9 of 9 people found the following review helpful:
4.0 out of 5 stars
Brief yet helpful survey of the history and prospects for an enlightened synthesis, October 30, 2006
This review is from: Evolutionary Thought in Psychology: A Brief History (Blackwell Brief Histories of Psychology) (Paperback)
This book presents a brief review of the relationship between evolutionary thought and psychology, along with an assessment of the current state of evolutionary psychology and its prospects of providing an enlightened melding of the two disciplines.
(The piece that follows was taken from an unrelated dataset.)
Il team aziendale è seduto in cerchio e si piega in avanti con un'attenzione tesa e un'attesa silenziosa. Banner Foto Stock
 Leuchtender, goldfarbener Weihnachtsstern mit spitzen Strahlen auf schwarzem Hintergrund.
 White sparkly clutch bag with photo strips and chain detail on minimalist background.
After identifying precursors, Plotkin begins his survey in earnest with the start of both disciplines in the latter half of the 19th century. He traces initial interest expressed by psychologists in evolutionary thought to James and Freud. He considers their projects to have be dead-ends with respect to integrating evolution into psychology because they failed to meet Plotkin's "principle of specific action. Evolutionary theory only effectively enters psychology when specific aspects of the theory drive empirical studies and frame causal explanations." James came from a Darwinian core, but did not develop a research program based on that core. Freud posited evolved mechanisms of the unconscious mind that were without adequate empirical foundation.
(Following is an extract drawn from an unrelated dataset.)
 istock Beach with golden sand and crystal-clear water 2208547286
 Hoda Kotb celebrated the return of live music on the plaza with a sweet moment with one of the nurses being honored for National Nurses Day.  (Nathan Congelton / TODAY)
The rise of behaviorism by the middle of the 20th century led to the banishment of speculations regarding mentalistic mechanisms, and suppressed evolutionary contributions to psychology for decades. During this period, the study of culture developed in cultural anthropology under the primary influence of Franz Boas, who built on a foundation asserting the near complete independence of culture from biology.
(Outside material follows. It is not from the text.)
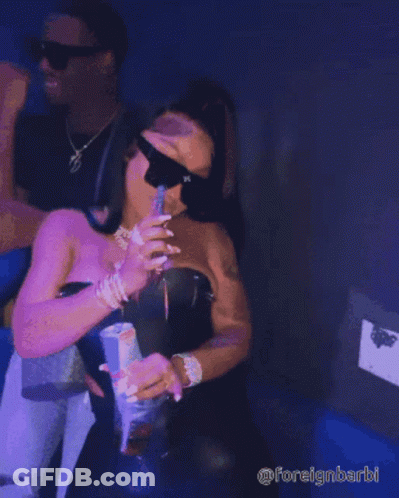 A Woman Wearing Sunglasses Is Holding A Can Of Soda And Taking A Picture Of Herself GIF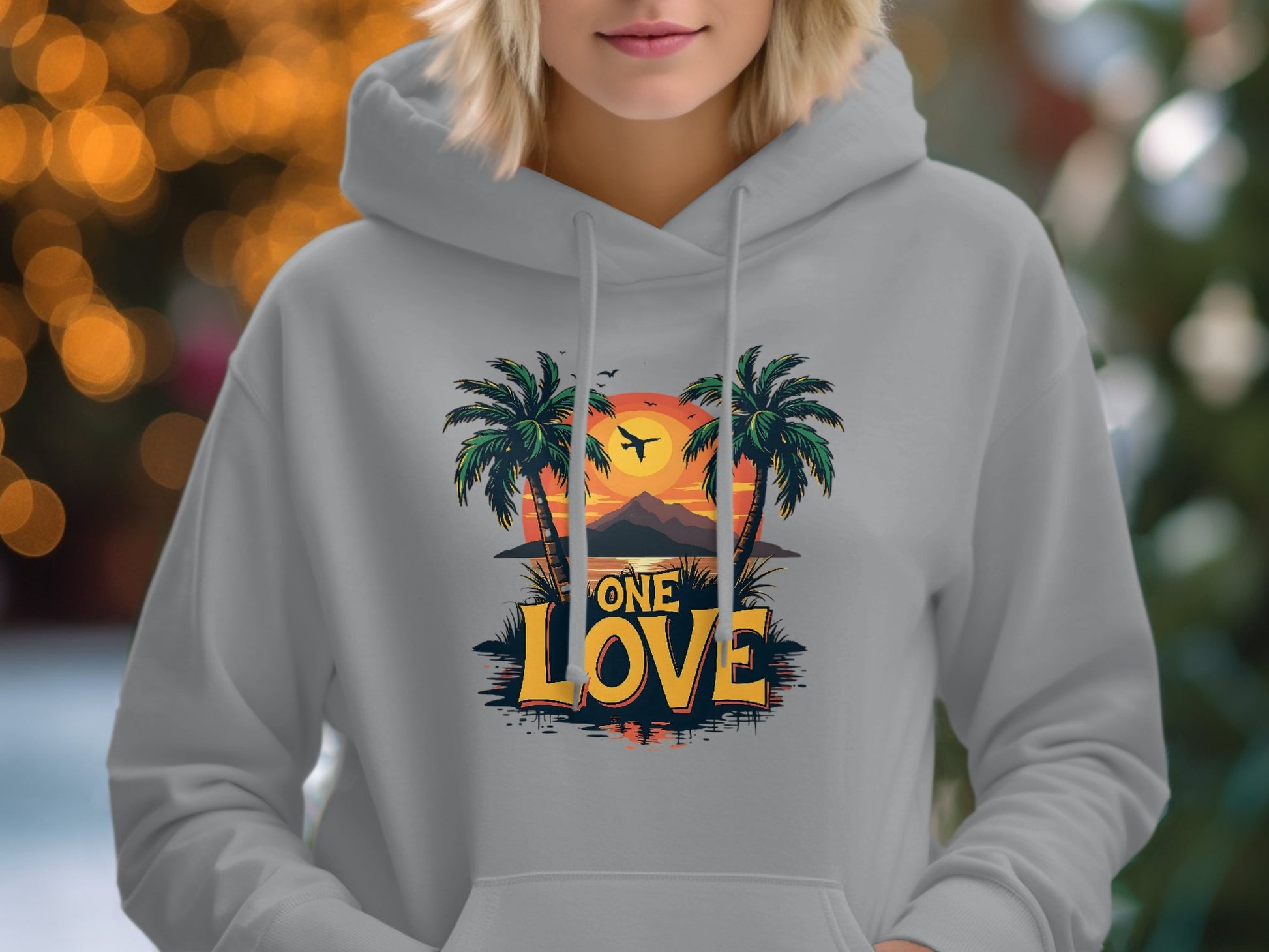 A person wears a Garment Graphics light gray hoodie featuring a unique tropical design of two palm trees against a sunset and the phrase One Love, with a softly blurred background aglow with warm, bokeh lights enhancing its charm.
This separation of evolutionary biology from the study of mind, behavior, and culture was breached in the 1970's with attempts to extend insights from ethology and then sociobiology from non-human animal studies to humans. A firestorm resulted. Some attacks were without merit. Others reinforced the need to heed the "principle of specific application" if research is to stand up to the heat which continues to greet forays across the divide.
Plotkin wraps up with a tentative yet sympathetic look at contemporary evolutionary psychology. He offers a balanced view that accepts insights from critics and cautions about presumptions to inheritance when developmental or other explanations might be invoked. His call is for research, conducted with civility, motivated by a resolve to develop the research programs needed to tease out the evolutionary structures that underlie our mental faculties.
Plotkin provides a useful survey of this subject, although the brevity presupposes a reader with some familiarity with the history of psychology. To the newer student embracing an evolutionary perspective to investigate human behavior and culture, the book can serve as a head-up to why this is such a sensitive approach to take.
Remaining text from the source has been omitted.